PAT: "Thank you, Lord. Say hello to Jesus for me."

SATAN: "Fat chanc...er, sure, Pat, you bet! Ta, ta."

-- Why doesn't our intrepid Washington media (stop smirking) ever ask the Bush White House to explain how much the Bush family and every member of his cabinet, all of whom crack the millionaire mark, have gained from Bush's munificent tax cuts for the wealthy, and why it's ethical for them to enrich themselves by handing themselves tax breaks? For that matter, most of our lawmakers on Capitol Hill are rich; why aren't they questioned on this point as well? When the Clinton's gained financially through Hillary's trading, they were derided mercilessly; if Bill had passed tax laws that benefited his family, the neocon media would still be frothing about it. Yet, the Bush regime skates free. Oh, I forgot: It's the US media -- here, boy, fetch, fetch, come get your biscuit ...

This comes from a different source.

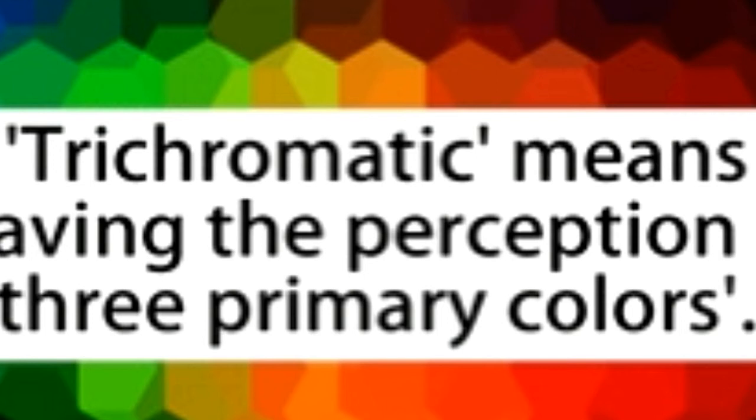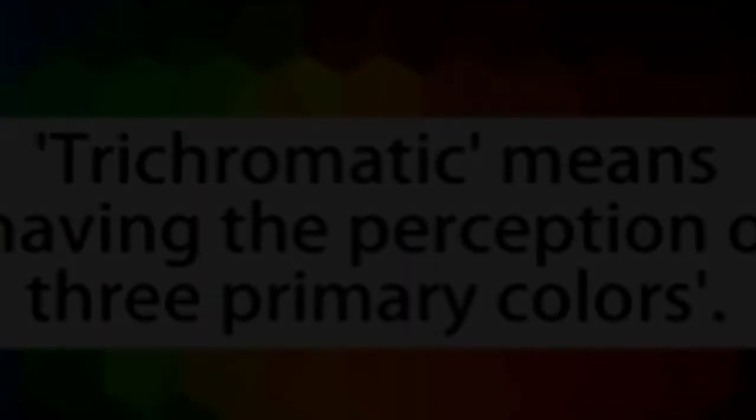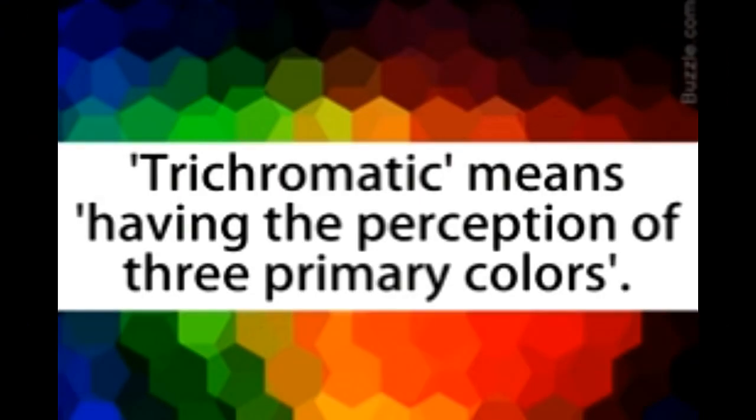Light from an object strikes the rod and cone cells in the retina. The rods and cones send neural signals to the bipolar cells, which are located between photoreceptors and ganglion cells. These cells then transmit visual signals to the ganglion cells, which carry signals to the brain. The retinal ganglion cell is a neuron that exists near the inner surface of the retina. Signals from the eyes are carried to the brain, processed in the thalamic region and other parts of the brain, and reach the visual cortex of the cerebrum. From the visual cortex, signals move to other parts of the brain for further processing.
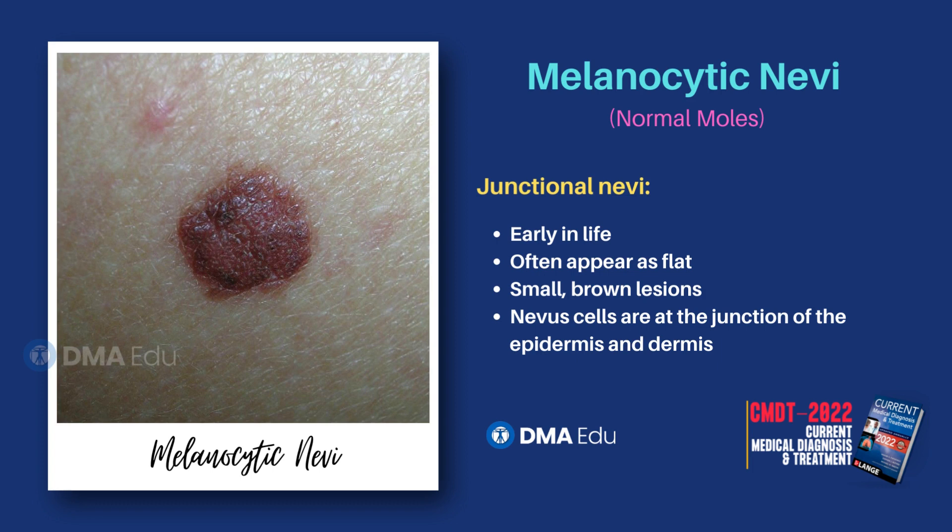Moles have a typical natural history. Early in life, moles often appear as flat, small, brown lesions and are termed junctional nevi, because the nevus cells are at the junction of the epidermis and dermis.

-- Speaking of the Bush Boy, his immigration speech received bad reviews from a broad spectrum of the political punditry, as lefties, righties and fence-squatters panned El Presidente's pandering. The righties had their BVD's knotted over Bush's 'amnesty' program; the left over his duncely and pricey border lock-down and immigrant crackdown plans; while the middle of the roaders were exercised over the fact that the whole thing just wouldn't work. What a waste of airtime. The pertinent questions even a few of the more astute of our Fourth Estate dead asses got around to asking were: Since we're deeply in debt (thank you, Republicans), exactly where do the billions come from to implement Bush's immigration schemes? With the Army stretched so thin they're sending PTSD soldiers back to fight in Iraq, exactly from whereat do the 6,000 National Guardsmen materialize to guard the border, and, without the power of arrest or seizure, exactly what good will they do? (And, considering the stunning level of ineptitude of BushCo, even if they find the troops by combing mental hospitals and drug rehab clinics, they'll no doubt be outfitted with parkas and skis by Homeland Security, along with Swedish to English dictionaries.) So, Bush's prime time boom was a bust, and his ratings continue to slide, except in those internal RNC polls Karl Rove is fond of citing which claim that over 60 percent just "like this president" personally. Which leads to this question: Did they confine their polling to the Republican National Committee headquarters, or did they ask staffers at the White House as well?